* Task goal
When you reach the line that contains "Fasion blonde woman", please begin copying, and carry on exactly to the last line of the material, leaving out every picture.

Provided data: Begin

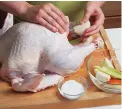  ?? ?? Filling the bird’s cavity with onion, carrot, celery, and lemon keeps the turkey moist and adds flavor to the drippings.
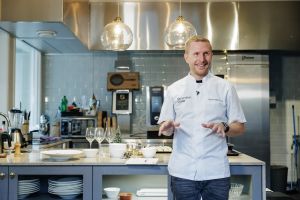 En mat i kockkläder med ett kök i bakgrunden.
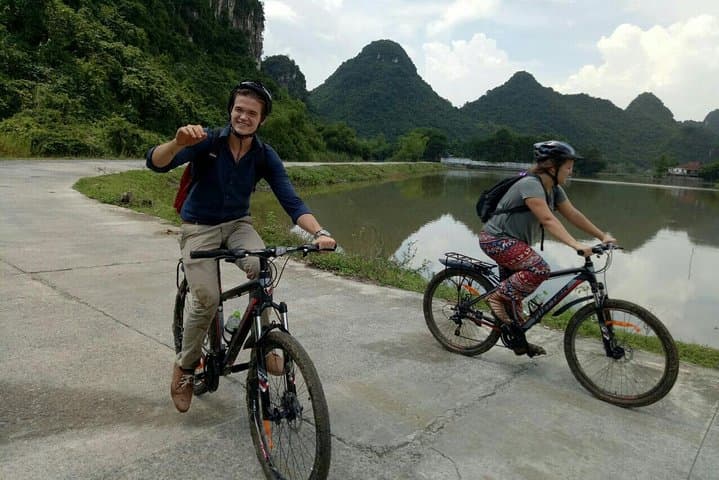 Tam Coc & Hoa Lu Day Tour: Cycling Rice Fields, Boat Caves and Ancient Capital photo 2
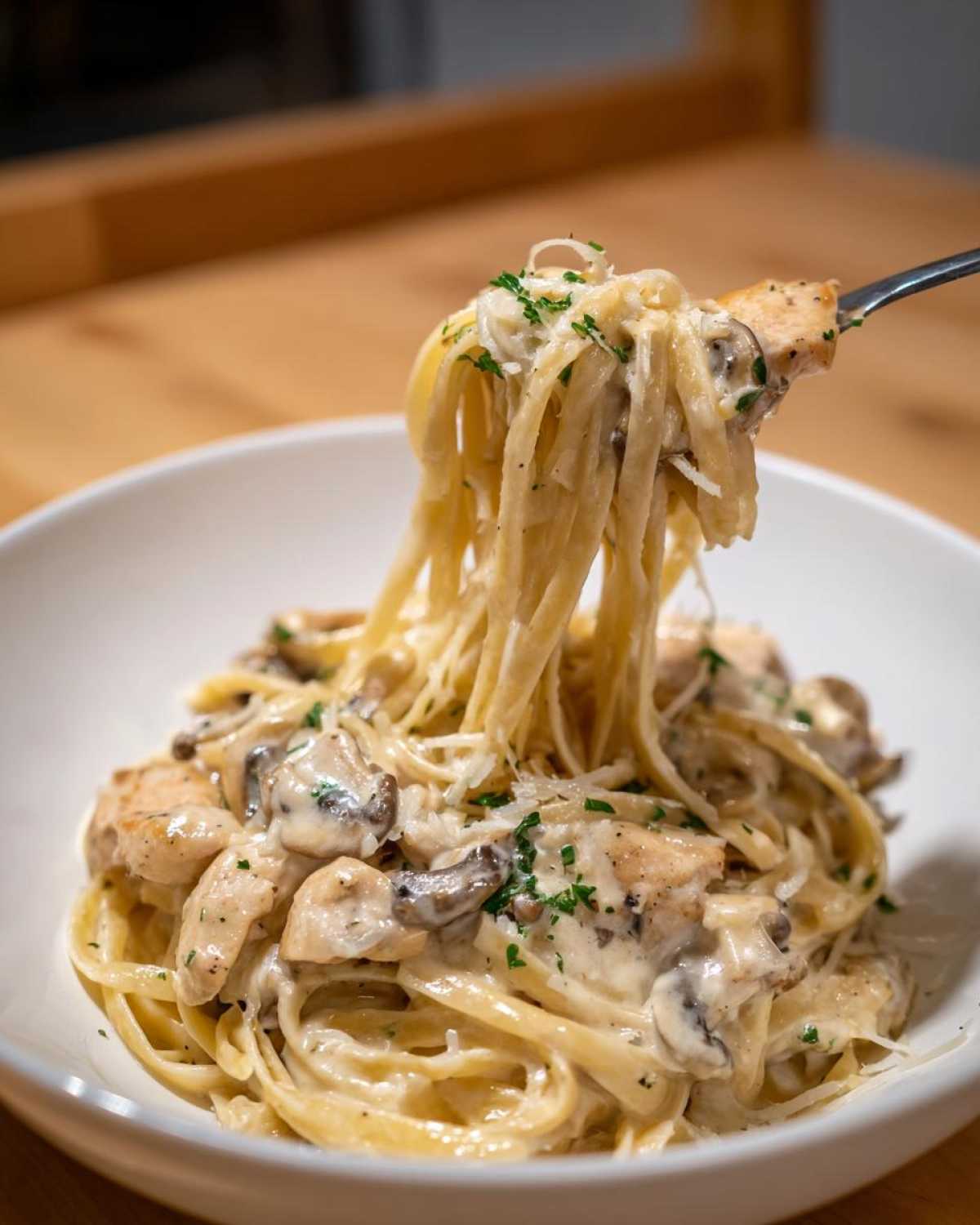 A fork lifting a generous portion of Creamy Mushroom Chicken Alfredo Pasta from a white bowl, showing fettuccine coated in sauce.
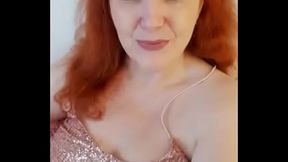 Sexy redhead babe shows off her big tits on webcam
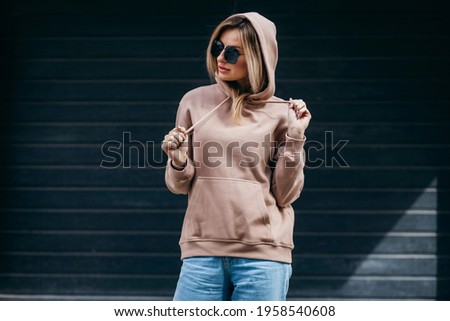 Fasion blonde woman in brown oversize hoodie, glasses and blue jeans, mockup for logo or branding design Royalty-Free Stock Photo #1958540608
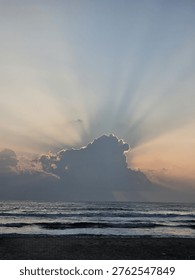 Sunlight breaks through thick clouds over the ocean, casting soft rays across the calm waves.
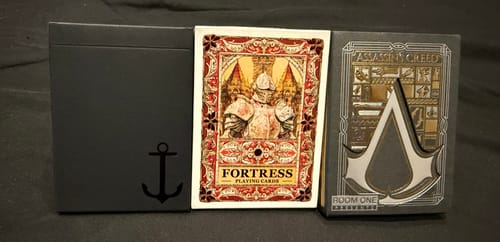 Customer displays three collectible card decks from their Mystery Deck: False Anchors, Fortress, and Assassin's Creed.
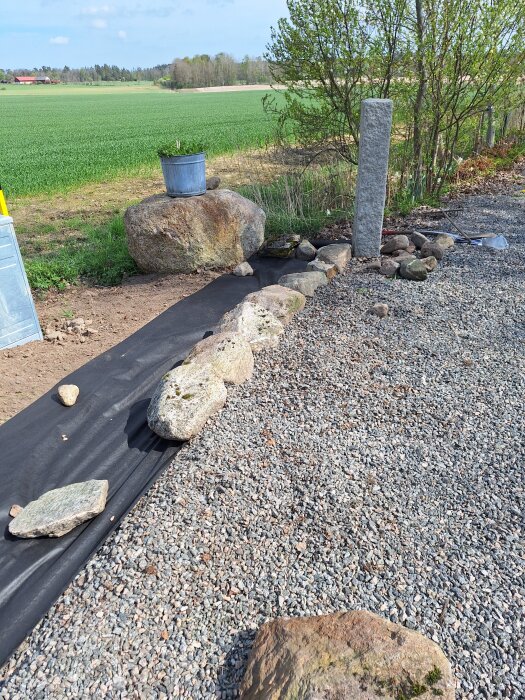 Stenar placerade på markduk vid en grusuppfart, med ett fält och några träd i bakgrunden. En hink står på en stor sten.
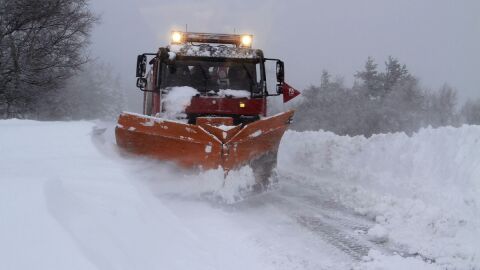 Un cami&oacute;n quitanieves retira la nieve acumulada en una carretera.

Provided data: End

* Solution below
 Fasion blonde woman in brown oversize hoodie, glasses and blue jeans, mockup for logo or branding design Royalty-Free Stock Photo #1958540608
 Sunlight breaks through thick clouds over the ocean, casting soft rays across the calm waves.
 Customer displays three collectible card decks from their Mystery Deck: False Anchors, Fortress, and Assassin's Creed.
 Stenar placerade på markduk vid en grusuppfart, med ett fält och några träd i bakgrunden. En hink står på en stor sten.
 Un cami&oacute;n quitanieves retira la nieve acumulada en una carretera.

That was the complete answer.